# Where to find dead on coffin blinds?



## Greenhead_Slayer (Oct 16, 2007)

I'm looking to buy a few dead on coffin blinds, or something similar that isn't the heavy fiberglass. Seems like on KSL there used to always be some ads for the guy in Kaysville behind the ready-mix plant that sold them, but I for the life of me can't seem to find anything. Anyone have some contact info or have a couple extras they are willing to sell? Thanks.


----------



## OPENCOUNTRY (Jan 25, 2009)

Here is the link on KSL Classifieds.

http://www.ksl.com/?nid=218&ad=40988947&cat=225&lpid=5&search=&ad_cid=9


----------



## Greenhead_Slayer (Oct 16, 2007)

OPENCOUNTRY said:


> Here is the link on KSL Classifieds.
> 
> http://www.ksl.com/?nid=218&ad=40988947&cat=225&lpid=5&search=&ad_cid=9


.......Wow. I spent probably 15 minutes this morning on KSL and couldn't find that if my life had depended on it! Thanks.


----------



## OPENCOUNTRY (Jan 25, 2009)

Greenhead_Slayer said:


> .......Wow. I spent probably 15 minutes this morning on KSL and couldn't find that if my life had depended on it! Thanks.


No prob!


----------



## NVDuckin (Apr 18, 2016)

Has anyone actually used these before? Seems like a really good idea. I wonder how much weight would hold without sinking.


----------



## Fowlmouth (Oct 4, 2008)

NVDuckin said:


> Has anyone actually used these before? Seems like a really good idea. I wonder how much weight would hold without sinking.


They aren't meant to float, just keep you dry in flooded areas. They are mostly used on the GSL, you set them in water that is only a few inches deep and throw a huge decoy spread around you. It's like hunting from a layout boat, but you are in shallow water.


----------



## Greenhead_Slayer (Oct 16, 2007)

NVDuckin said:


> Has anyone actually used these before? Seems like a really good idea. I wonder how much weight would hold without sinking.


I love mine, I have 3, just looking to add a couple more.

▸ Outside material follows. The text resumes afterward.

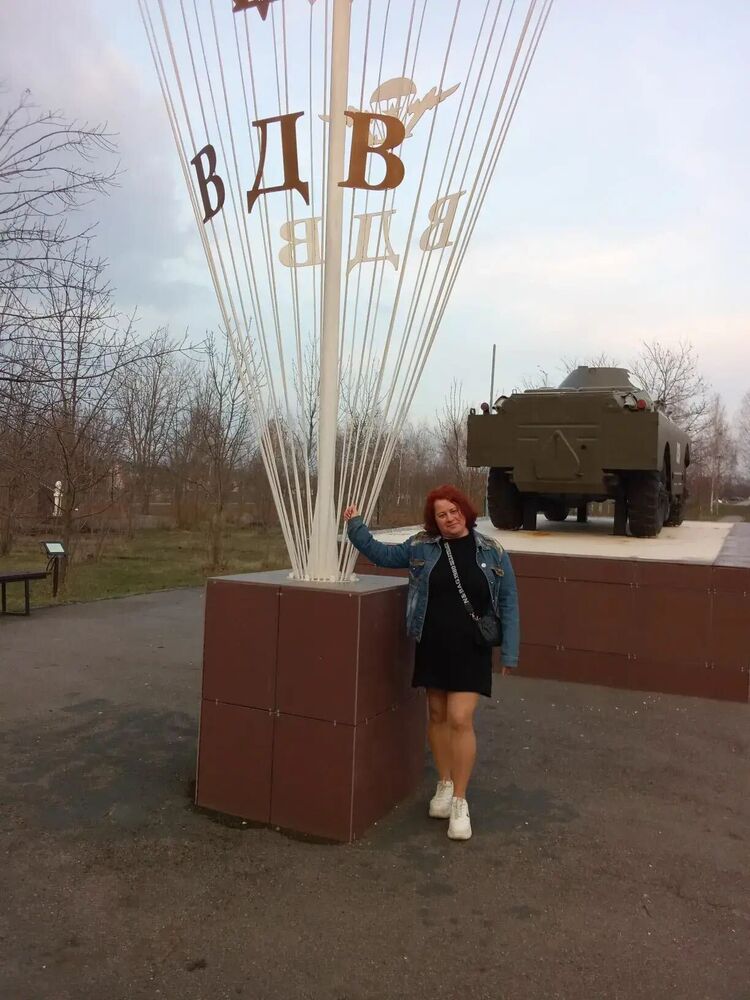 ���������� ����� �����, ���� ������� �����, 37 ���, ������������ ��� ����� � ���������, c�������� ���������, ���������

They are extremely versatile and work in lots of situations, not just the big open water.


----------



## NVDuckin (Apr 18, 2016)

Greenhead_Slayer said:


> I love mine, I have 3, just looking to add a couple more. They are extremely versatile and work in lots of situations, not just the big open water.


Can you use it to haul in all your stuff like a Jet Sled? I've been using the Jet Sled the past couple years, but this looks like it would be much more useful.


----------



## NVDuckin (Apr 18, 2016)

Fowlmouth said:


> They aren't meant to float, just keep you dry in flooded areas. They are mostly used on the GSL, you set them in water that is only a few inches deep and throw a huge decoy spread around you. It's like hunting from a layout boat, but you are in shallow water.

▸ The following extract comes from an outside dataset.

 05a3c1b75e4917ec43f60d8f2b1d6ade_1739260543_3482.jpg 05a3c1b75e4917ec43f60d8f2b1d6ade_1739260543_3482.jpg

Good to know. This will be my first year waterfowling in Utah, so I think I'm in for a season of pain and learning.


----------



## JuniorPre 360 (Feb 22, 2012)

NVDuckin said:


> Good to know. This will be my first year waterfowling in Utah, so I think I'm in for a season of pain and learning.


Best advice I could give t a first year Utah hunter,

Don't let opening day scare you away.


----------